Democrats were already guaranteed a Senate majority, but the contest determined that the party has a 51-49 advantage as opposed to the 50-50 edge with Vice President Kamala Harris’ tiebreaking vote which has been the case since 2021. As a result, the Democrats no longer have to negotiate a power-sharing deal with Republicans and won’t have to rely on Harris as a tie-breaker.
In 2021, runoff victories by Warnock and fellow Georgia Democrat Jon Ossoff to serve out the remainder of GOP Sen. Johnny Isakson’s term gave Democrats control of the Senate for the first two years of President Joe Biden’s term in the White House.
In last month’s general election, Walker garnered 48.5 percent to Warnock’s 49.5 percent of the vote. With neither candidate clearing the 50 percent threshold needed to declare victory at the time and the race advanced to a runoff.
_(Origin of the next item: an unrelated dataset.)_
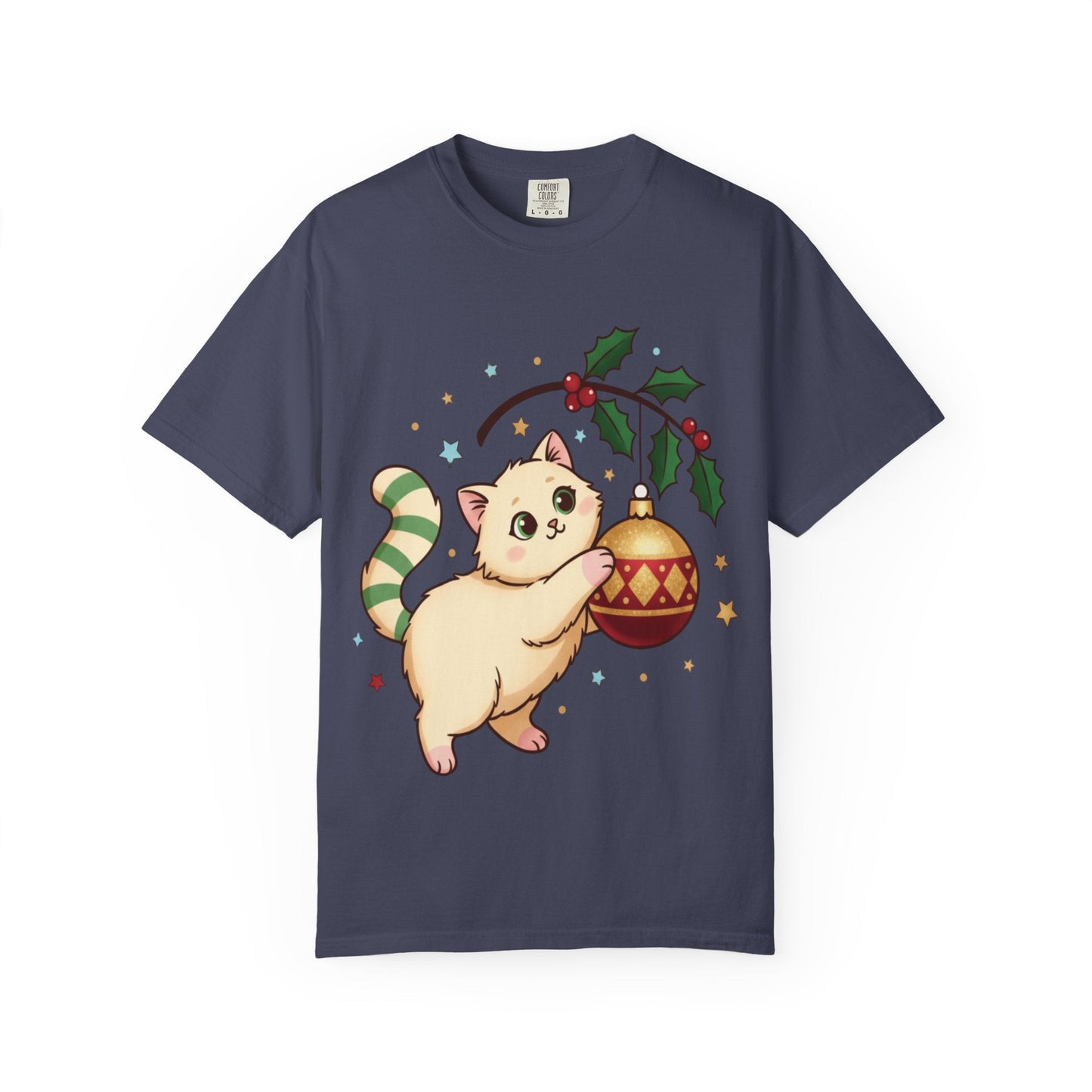 Festive Feline Fantasy: Christmas Kawaii Kitten, Digital Anime Holiday Illustration T-shirt – Custom T-Shirt by PixelCraft360, unique decoration for events and special gifts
The state is on track for an even better turnout than the November midterm and the 2020 election despite Democrats including Warnock claiming that new election laws would depress turnout and suppress voter turnout. Voting reportedly went smoothly on Tuesday despite cold and rainy conditions in some parts of the state.
Spending on the campaigns approached $400 million by Tuesday and an estimated 1.8 million voters had already cast their ballots in the state’s early voting period that concluded on Friday, Dec. 2.